Today I had to fix some old test automation code where in a perl script functions of flush.pl and getopts.pl were getting used and scripts were failing on RHEL7 as these are the old and obsolete legacy libraries of perl.
The solution was to replace function Getopts (belongs to getopts.pl) with function GetOptions (belongs to Getopt::Long perl module). Call to Getopts is relatively very different than GetOptions. Though the purpose remains very similar. We can say it is the extended version of Getopts.
Basically, the purpose of GetOptions() is to parse the command line parameters. It also checks the type of arguments. It returns true or false depending on arguments processed successfully or not.

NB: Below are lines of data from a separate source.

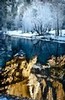 Yosemite Falls reflected in Merced River (#5, color, vertical) Yosemite National Park, California, United States
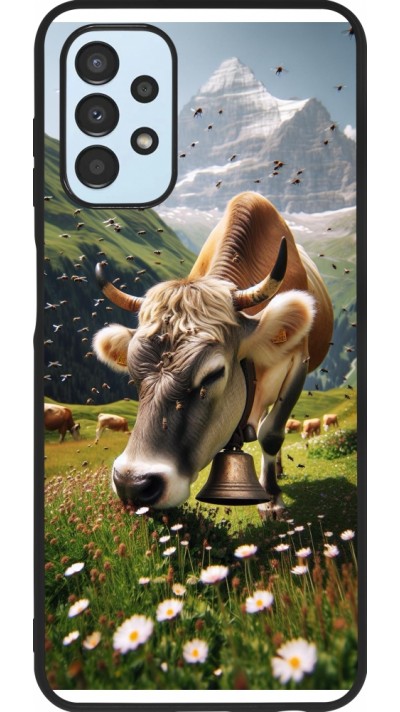 Coque Samsung Galaxy A13 5G - Silicone rigide noir Vache montagne Valais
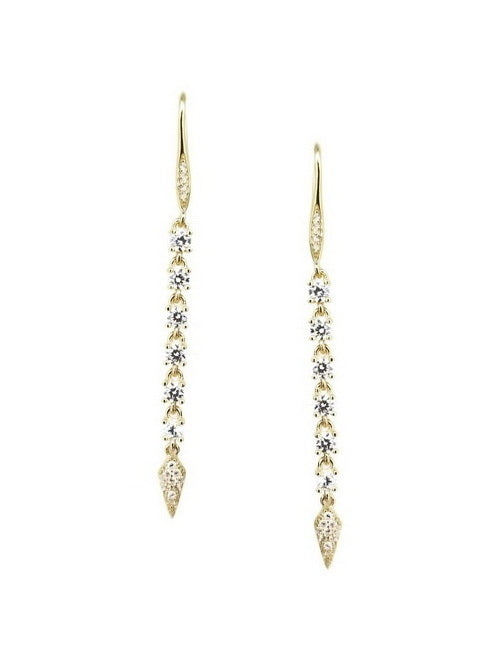 925 Sterling Silver Long Hanging CZ Earrings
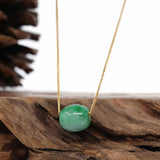 "Good Luck Button" Necklace Rich Forest Green Jade Lucky TongTong Pendant Necklace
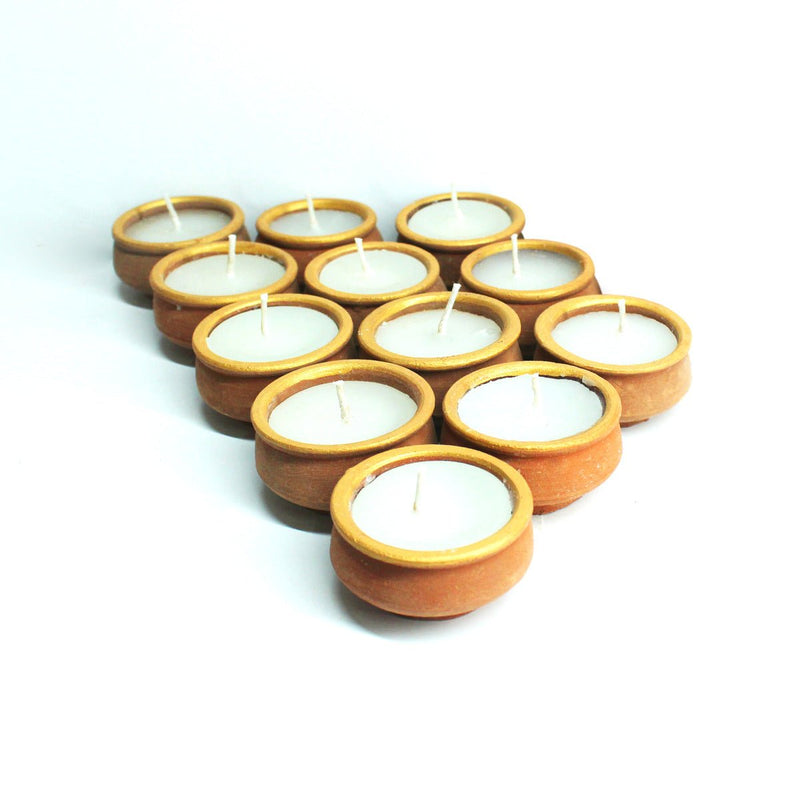 Buy Terracotta Handi Soywax Candles- Set Of 12 | Shop Verified Sustainable Products on Brown Living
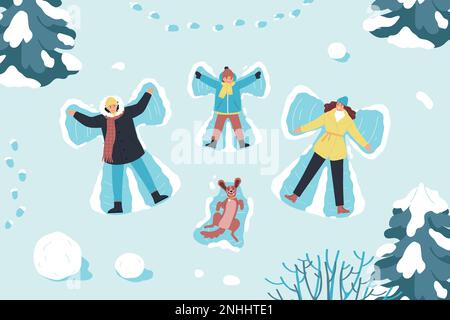 Winterurlaub flacher Hintergrund mit Draufsicht auf glückliche Familie und Hund, die Schneeengel machen Vektordarstellung Stock Vektor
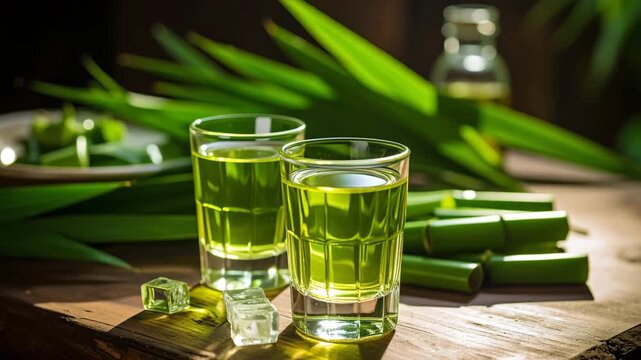 Green Drink: The verdant elixir in the glasses, the leaves, ice cubes and the wooden base convey freshness and health.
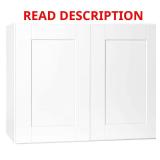 Shaker Wall Cabinet Satin White with Shelf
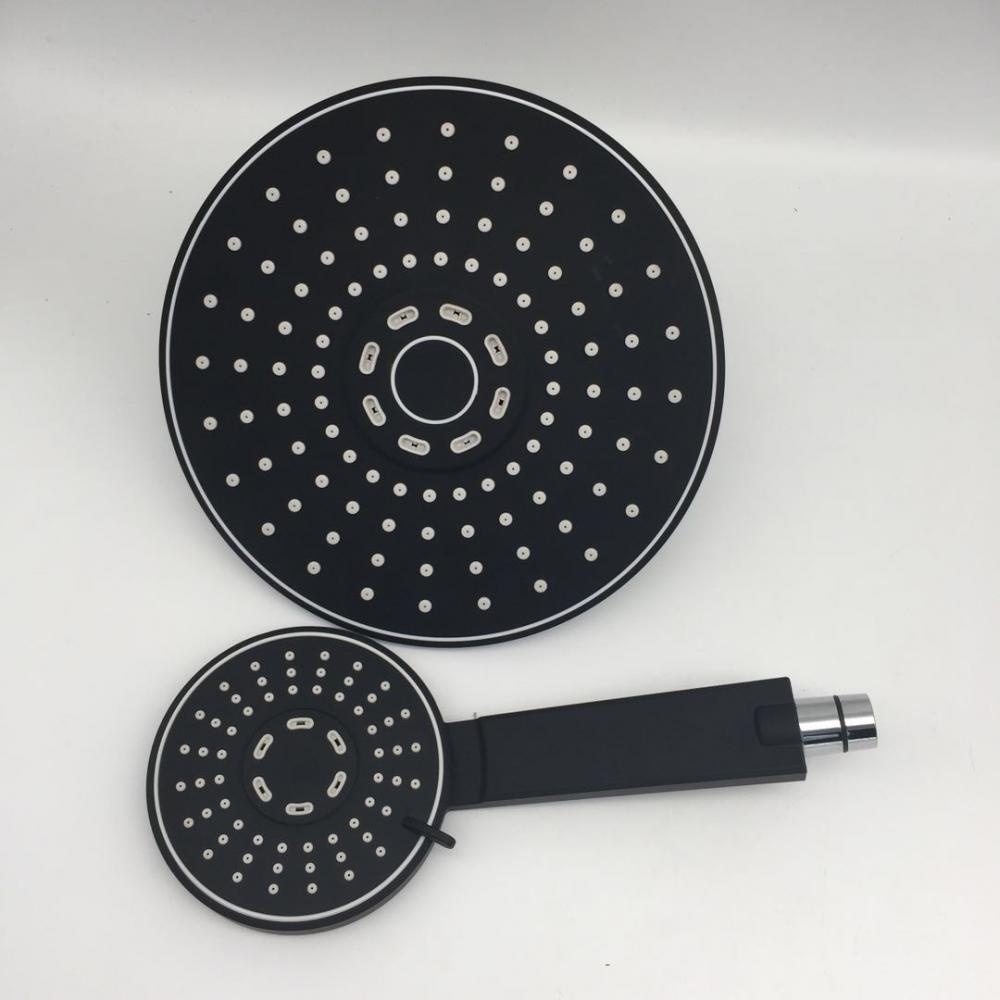 Cixi Sanyin Factory Manufacture High Quality Black Abs Plastic Three Gear Adjustable Hand Shower Bath Set With Rainfull Overhead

Here is the example how I used it in my test automation ::
Files :: 1. Test.sh 2. Customer.pl
Calling my perl script (Customer.pl) in my Shell script (Test.sh):: perl Customer.pl -u 100 -f Customer.ldif
Parsing Arguments in Customer.pl (argument -u and -f)::
#Loading the module
#set up local defaults
my $Number_Users = 1;
$Output_File = “output.ldif”;
#no values options, True if present in the argument list else false
$Verbose = 0;
$Append = 0;
#Assigning the actual values by parsing the arguments in call
GetOptions(‘u=i’ => \$Number_Users,
‘f=s’ => \$Output_File,
‘verbose’ => \$Verbose,
‘Append’ => \$Append,
So now I have the values Number_Users=100 and Output_File=Customer.ldif. Here meaning of i in ‘u=i’ is that the argument value of option -u must be an integer and meaning of s in ‘f=s’ is argument value of option -f must be a string.